Comments

TielBr wrote on 12/15/2004, 12:53 AM
Not farmiliar with that particular camera, but have used Pro decks, and there are 2 versions of Pro media of this type. Both are reffered to as DVC-pro.

I know the record decks we used were Sony DVC-pro decks, and could accept the standard DVC and the smaller version used in the cameras. The flap on the front of the deck had 2 openings.

I'm not sure how it accomplished physically handling the smaller cassetts, but the fact that the same deck plays both leads me to believe that the media inside the cassettes to be the same, and therefore a physically wider tape than the consumer Mini DV.

Sory I can't be more concrete at the moment, as I just run camera on a freelance basis. I can ask the Technical Director from that shoot if you like to really know though. This is probaly like when S-VHS came out years back... Based on the same idea, but at a higher resolution.

farss wrote on 12/15/2004, 2:38 AM
Pretty much so. The camera shoots good 16:9, excellent CCD matrix and accepts broadcast lenses, so you could spend more on the glass than the camera if that's your thing.
There's also the DSR 570, now going pretty cheap as Sony are discontinuing it.

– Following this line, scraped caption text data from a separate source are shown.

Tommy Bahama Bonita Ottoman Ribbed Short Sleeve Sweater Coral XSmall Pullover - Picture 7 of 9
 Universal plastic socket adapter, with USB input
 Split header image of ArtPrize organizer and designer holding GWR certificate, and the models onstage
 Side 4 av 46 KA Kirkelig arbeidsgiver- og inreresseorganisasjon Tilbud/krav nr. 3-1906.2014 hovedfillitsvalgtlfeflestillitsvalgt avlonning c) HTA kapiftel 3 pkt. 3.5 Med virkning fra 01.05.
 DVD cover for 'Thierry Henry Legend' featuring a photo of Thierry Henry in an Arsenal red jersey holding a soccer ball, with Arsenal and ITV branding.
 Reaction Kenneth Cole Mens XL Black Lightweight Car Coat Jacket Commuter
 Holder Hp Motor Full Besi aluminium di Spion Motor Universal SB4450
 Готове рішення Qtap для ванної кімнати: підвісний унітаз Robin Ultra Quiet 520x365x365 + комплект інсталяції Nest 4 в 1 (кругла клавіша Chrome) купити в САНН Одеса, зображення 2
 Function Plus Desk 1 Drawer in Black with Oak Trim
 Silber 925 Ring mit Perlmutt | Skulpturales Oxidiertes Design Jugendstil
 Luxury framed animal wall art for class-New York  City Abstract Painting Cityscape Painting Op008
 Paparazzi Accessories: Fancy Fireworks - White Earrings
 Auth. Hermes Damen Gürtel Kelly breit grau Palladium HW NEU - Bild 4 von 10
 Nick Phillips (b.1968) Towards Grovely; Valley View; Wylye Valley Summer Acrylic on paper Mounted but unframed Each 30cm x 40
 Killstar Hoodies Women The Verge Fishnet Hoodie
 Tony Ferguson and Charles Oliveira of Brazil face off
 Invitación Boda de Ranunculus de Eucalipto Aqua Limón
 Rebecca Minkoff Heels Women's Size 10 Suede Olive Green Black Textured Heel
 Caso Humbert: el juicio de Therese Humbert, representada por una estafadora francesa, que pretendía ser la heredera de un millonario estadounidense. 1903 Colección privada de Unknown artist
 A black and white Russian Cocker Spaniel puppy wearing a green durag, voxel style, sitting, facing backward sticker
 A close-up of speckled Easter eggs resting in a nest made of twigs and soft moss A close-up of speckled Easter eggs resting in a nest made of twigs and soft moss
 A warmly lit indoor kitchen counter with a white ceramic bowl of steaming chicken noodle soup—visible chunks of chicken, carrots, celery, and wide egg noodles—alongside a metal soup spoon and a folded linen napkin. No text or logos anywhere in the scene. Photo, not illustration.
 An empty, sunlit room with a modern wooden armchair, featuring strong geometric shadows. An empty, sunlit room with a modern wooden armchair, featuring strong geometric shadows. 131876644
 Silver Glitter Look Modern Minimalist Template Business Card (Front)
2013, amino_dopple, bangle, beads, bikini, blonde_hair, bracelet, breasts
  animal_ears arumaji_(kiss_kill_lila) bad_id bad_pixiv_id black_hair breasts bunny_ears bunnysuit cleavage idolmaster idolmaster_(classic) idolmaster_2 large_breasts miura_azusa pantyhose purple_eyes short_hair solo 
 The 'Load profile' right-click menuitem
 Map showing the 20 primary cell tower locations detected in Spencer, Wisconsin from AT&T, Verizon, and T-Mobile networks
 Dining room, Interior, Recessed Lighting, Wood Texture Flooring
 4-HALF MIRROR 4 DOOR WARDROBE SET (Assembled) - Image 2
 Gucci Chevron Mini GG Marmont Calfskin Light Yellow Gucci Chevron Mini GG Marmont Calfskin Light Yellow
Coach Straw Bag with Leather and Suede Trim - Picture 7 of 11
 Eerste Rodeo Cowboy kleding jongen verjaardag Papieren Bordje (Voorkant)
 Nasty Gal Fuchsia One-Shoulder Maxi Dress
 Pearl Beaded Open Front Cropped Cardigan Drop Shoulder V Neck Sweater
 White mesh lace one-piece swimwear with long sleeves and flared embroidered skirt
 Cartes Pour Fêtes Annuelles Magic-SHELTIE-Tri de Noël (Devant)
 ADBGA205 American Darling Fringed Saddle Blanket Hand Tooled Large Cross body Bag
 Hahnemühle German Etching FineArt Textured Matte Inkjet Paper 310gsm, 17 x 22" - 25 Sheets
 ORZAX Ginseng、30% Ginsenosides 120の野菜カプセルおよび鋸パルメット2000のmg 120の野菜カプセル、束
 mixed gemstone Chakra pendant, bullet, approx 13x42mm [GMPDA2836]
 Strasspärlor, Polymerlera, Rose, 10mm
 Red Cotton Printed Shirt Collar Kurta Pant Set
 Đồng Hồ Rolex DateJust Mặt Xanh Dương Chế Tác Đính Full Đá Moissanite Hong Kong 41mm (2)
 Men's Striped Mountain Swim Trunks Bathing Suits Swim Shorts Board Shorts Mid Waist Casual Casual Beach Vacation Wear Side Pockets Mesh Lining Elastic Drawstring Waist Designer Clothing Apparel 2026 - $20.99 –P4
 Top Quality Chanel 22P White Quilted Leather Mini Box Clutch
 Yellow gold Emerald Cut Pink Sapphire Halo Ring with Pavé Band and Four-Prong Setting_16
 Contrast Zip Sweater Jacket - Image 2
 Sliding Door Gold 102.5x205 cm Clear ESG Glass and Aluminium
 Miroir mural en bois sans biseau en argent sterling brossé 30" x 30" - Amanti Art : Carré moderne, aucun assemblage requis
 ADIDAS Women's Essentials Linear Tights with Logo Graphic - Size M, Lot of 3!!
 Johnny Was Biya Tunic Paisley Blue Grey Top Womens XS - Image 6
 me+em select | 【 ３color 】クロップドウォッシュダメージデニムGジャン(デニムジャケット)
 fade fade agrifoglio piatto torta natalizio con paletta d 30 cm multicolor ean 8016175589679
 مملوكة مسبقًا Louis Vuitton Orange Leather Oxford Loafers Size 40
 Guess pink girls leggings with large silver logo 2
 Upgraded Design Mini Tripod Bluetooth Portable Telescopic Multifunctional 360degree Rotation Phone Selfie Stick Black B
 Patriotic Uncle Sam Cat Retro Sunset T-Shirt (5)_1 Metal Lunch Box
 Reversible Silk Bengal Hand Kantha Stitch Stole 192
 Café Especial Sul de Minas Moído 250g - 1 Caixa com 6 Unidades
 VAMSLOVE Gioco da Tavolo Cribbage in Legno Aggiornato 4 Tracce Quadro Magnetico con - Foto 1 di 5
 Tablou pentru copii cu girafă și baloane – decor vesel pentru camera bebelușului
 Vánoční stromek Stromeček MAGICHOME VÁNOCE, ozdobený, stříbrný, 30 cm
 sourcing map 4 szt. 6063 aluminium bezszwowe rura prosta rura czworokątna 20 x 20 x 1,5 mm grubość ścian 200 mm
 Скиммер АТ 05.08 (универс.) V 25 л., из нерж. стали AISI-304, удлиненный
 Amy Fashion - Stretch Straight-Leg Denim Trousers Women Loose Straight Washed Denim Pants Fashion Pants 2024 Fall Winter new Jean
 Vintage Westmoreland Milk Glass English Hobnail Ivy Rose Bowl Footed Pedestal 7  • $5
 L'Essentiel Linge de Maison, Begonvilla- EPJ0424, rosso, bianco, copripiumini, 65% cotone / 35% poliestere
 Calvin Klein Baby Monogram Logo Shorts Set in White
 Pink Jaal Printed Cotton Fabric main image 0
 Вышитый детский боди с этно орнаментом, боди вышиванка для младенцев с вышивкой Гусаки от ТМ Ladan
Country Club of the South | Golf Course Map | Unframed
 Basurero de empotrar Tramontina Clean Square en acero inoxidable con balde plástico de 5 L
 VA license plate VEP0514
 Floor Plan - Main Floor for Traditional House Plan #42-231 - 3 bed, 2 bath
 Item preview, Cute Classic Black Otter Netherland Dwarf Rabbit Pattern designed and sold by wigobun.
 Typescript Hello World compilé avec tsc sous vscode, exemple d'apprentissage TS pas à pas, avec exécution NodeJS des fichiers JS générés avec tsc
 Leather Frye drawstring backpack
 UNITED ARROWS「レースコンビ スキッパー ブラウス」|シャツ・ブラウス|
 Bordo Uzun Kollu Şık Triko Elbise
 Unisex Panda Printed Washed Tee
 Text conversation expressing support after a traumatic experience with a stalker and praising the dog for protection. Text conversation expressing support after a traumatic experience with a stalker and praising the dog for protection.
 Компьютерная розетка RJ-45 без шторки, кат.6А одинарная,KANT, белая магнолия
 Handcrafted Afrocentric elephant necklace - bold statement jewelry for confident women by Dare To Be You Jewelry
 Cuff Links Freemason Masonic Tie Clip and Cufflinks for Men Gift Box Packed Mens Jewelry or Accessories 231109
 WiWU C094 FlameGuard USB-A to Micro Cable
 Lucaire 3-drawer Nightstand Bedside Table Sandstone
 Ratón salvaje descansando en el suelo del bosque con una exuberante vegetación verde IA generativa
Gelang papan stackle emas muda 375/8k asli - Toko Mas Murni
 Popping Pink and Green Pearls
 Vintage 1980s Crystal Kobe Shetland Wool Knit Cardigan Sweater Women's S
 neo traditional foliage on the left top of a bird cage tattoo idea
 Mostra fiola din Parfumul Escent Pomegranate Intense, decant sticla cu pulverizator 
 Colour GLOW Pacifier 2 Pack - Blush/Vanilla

None of these are technically 'pro' according to some in the industry as they're DV25 which means 4:1:1, if you're in NTSC land. Then again if you're in NTSC land I serious doubt if more than 1% of the TVs are good enough to see the difference between 4:1:1 and 4:2:2. Remember a lot of stuff in the US is still I'm told shot on SP cameras (can't give 'em away down here).

But where this kind of camera sees a lot of service is in ENG (particularly the 570 as it shoots DVCAM), risk to camera is fairly high so performance for dollar is of more concern than ultimate video quality.

A lot of people knock VD25, I think part of the problem is that very few of the cameras used to shoot it can realise it's full potential, well that and not enough care is taken over how it's shot.

Bob.
winrockpost wrote on 12/15/2004, 6:59 AM
Pro has as much to to do with the videographer as the camera,, I'll take a good shooter with a 5K mini dv cam over an inexperienced shooter with a digibeta any day.
skibumm101 wrote on 12/15/2004, 8:51 AM
you can give me one? hehe
Coursedesign wrote on 12/15/2004, 8:54 AM
"I serious doubt if more than 1% of the TVs are good enough to see the difference between 4:1:1 and 4:2:2."

Closer to 99% I think, but it very much depends on what is being shown.

However, people don't sit there and think "this picture doesn't look like it was shot in ABC's studio" unless the content is criminally boring.

When you see crystal clear footage from major networks, it's shot not only in 4:2:2 but also uncompressed. Standard definition can look pretty astonishing when everything is set up correctly.

Don't judge either SD or HD by what you see via cable or satellite, these downgrade the signal through heavy compression (as much as 70:1 for HD content).

I'm enjoying my TV over the air (remember antennas?) and the picture is *astonishingly* good (as is the price, I always liked a good deal... :O).

For feature films I cross a fairly narrow street and get DVDs from Blockbusters for the moment, although I may switch to Netflix (rent DVD by mail). I only buy very few DVDs that may not become available again, or are not available for rent. For vanilla films, to pay even $10 now is too much as you can bet your sweet bippy most feature films will be available in a string of new formats as the years go by...

I have seen used Panasonic DV50 cameras go for $6K on eBay, these are models used at the Winter Olympics in Utah.

Bob is right though, to take advantage of DV50 you need to work harder on camera setup especially (do you know what a chip chart is?) and the tape decks are pricier than DV25 by far.

Next solution is to shoot direct to hard drive, DV50 is pretty low bandwidth so you don't need a mega PC.